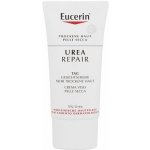 Eucerin UreaRepair 5% hydratační pleťový krém s ureou 50 ml – Zboží Mobilmania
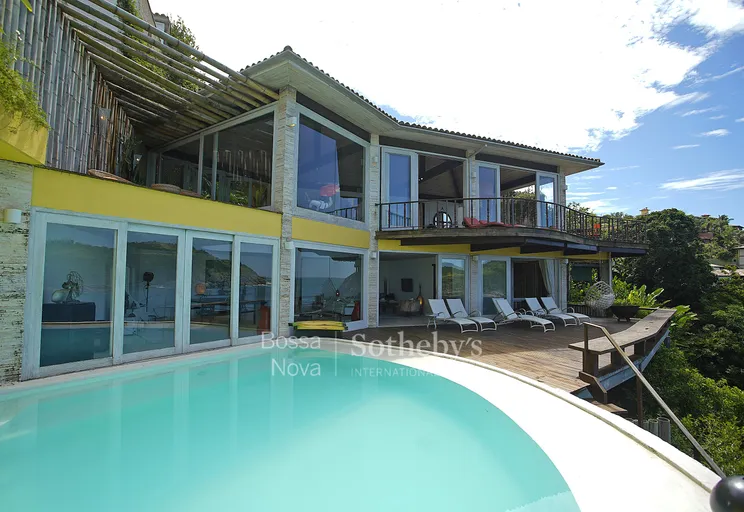 Fachada - Imagem 3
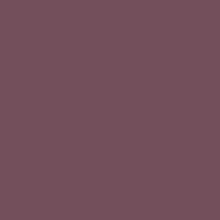 Load image into Gallery viewer, Georgette Chiffon (Solid Burgundy - 60&quot;)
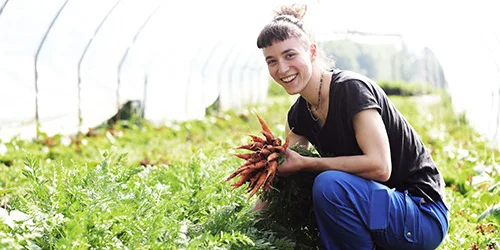 visionlandwirtschaft-frauen-regenerativ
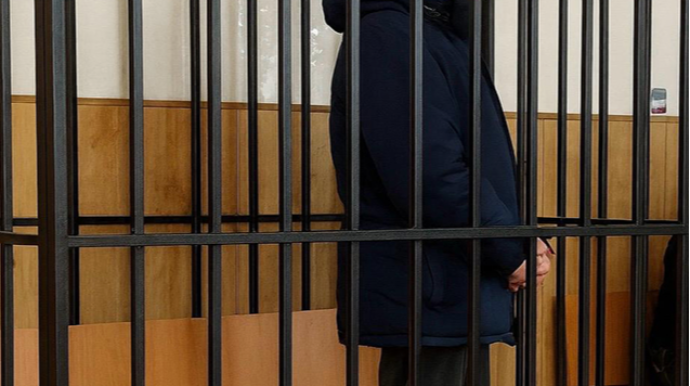 Qətllərdən sonra 30 il gizlənə bilmişdi - Saxta pasport onu ələ verdi... 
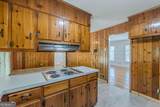 3483 Scenic Drive - Photo 11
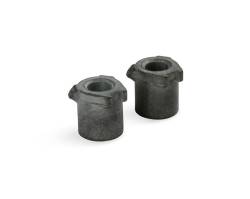 Holley - Holley Performance 121-118 Accelerator Pump Discharge Nozzle - Image 4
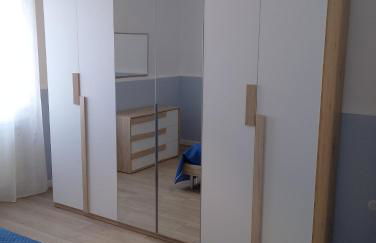 La luna nel pozzo - Foto 7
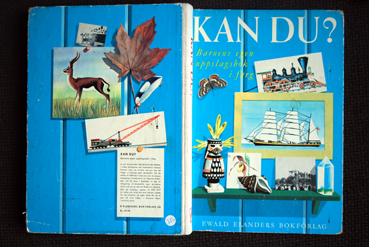 kandu1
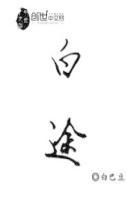 白途三色砖外墙图片大全
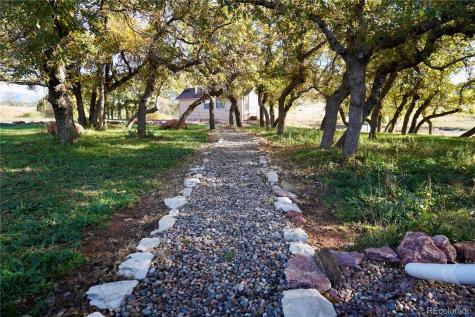 14275 S State Highway 115 Colorado Springs CO 80926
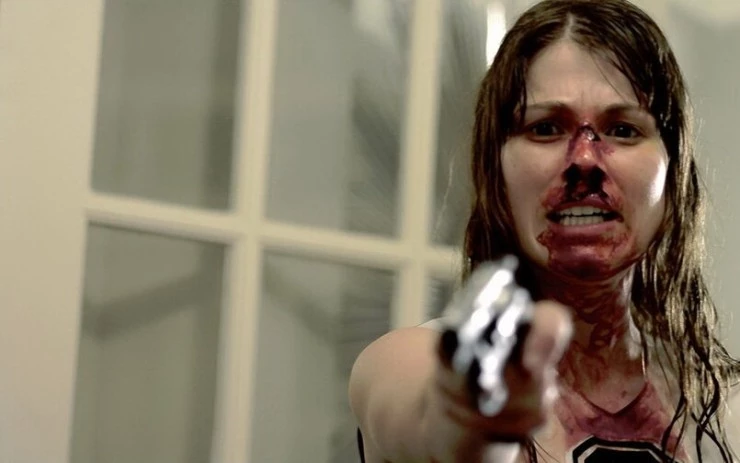 Дом, милый дом 2012 скачать с торрента Дом, милый дом 2012 скачать с торрента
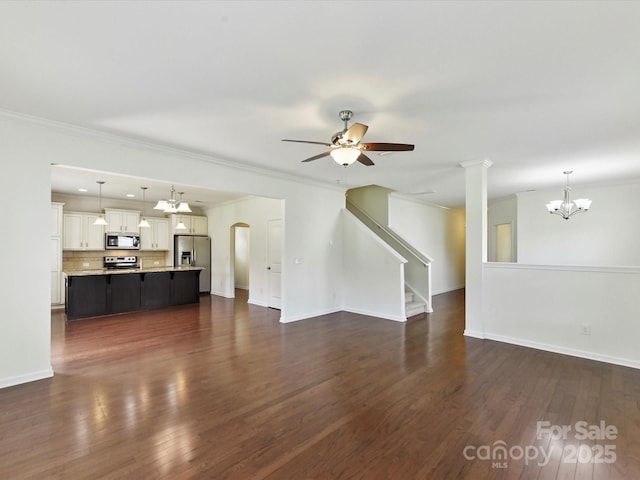 2420 Sierra Chase Dr, Monroe, NC 28112 - photo 12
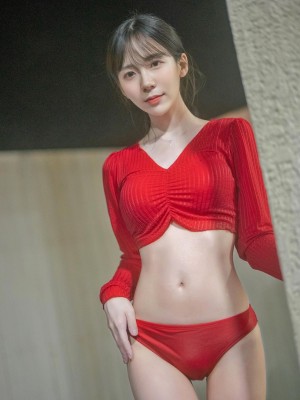 [leeesovely] Deleted Instagram 4_p627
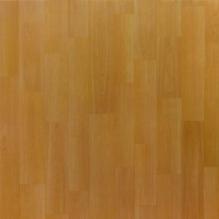 Линолеум Forbo Emerald Wood 8603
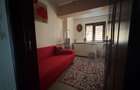 3 camere elegant mobilat | zona ultracentrala | disponibil imediat - 6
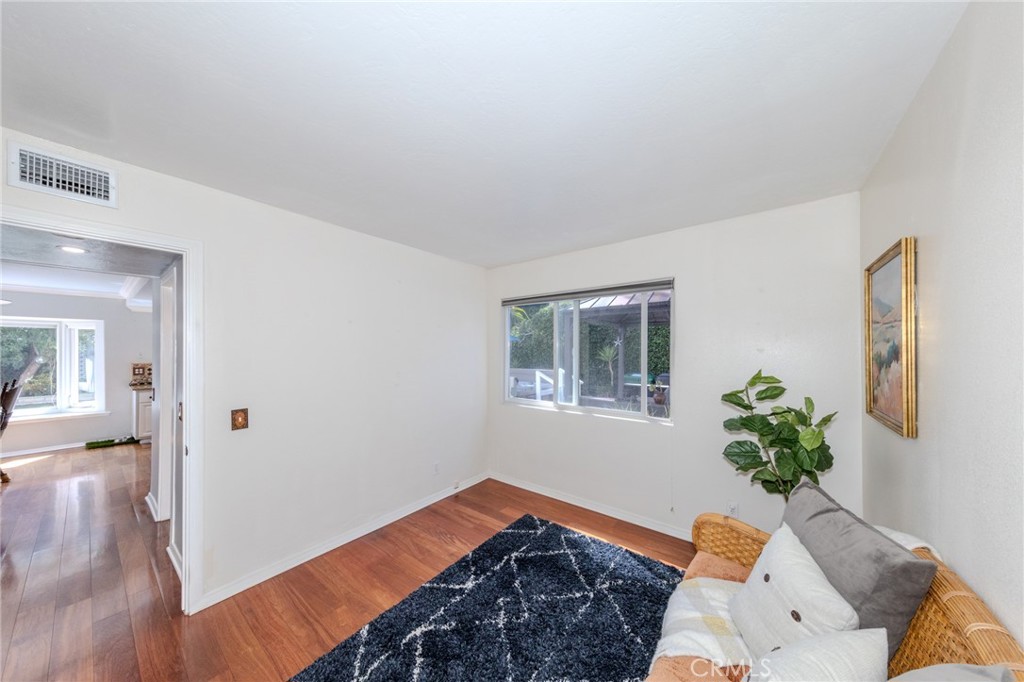 8712 Mossford Dr., Huntington Beach CA 92646 - photo 17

-- WHAT THE TASK ASKS --
Make an exact copy of every entry above, minus the images.

-- ANSWER SECTION --
 Eucerin UreaRepair 5% hydratační pleťový krém s ureou 50 ml – Zboží Mobilmania
 Fachada - Imagem 3
 Load image into Gallery viewer, Georgette Chiffon (Solid Burgundy - 60&quot;)
 visionlandwirtschaft-frauen-regenerativ
 Qətllərdən sonra 30 il gizlənə bilmişdi - Saxta pasport onu ələ verdi... 
 3483 Scenic Drive - Photo 11
 Holley - Holley Performance 121-118 Accelerator Pump Discharge Nozzle - Image 4
 La luna nel pozzo - Foto 7
 kandu1
 白途三色砖外墙图片大全
 14275 S State Highway 115 Colorado Springs CO 80926
 Дом, милый дом 2012 скачать с торрента Дом, милый дом 2012 скачать с торрента
 2420 Sierra Chase Dr, Monroe, NC 28112 - photo 12
 [leeesovely] Deleted Instagram 4_p627
 Линолеум Forbo Emerald Wood 8603
 3 camere elegant mobilat | zona ultracentrala | disponibil imediat - 6
 8712 Mossford Dr., Huntington Beach CA 92646 - photo 17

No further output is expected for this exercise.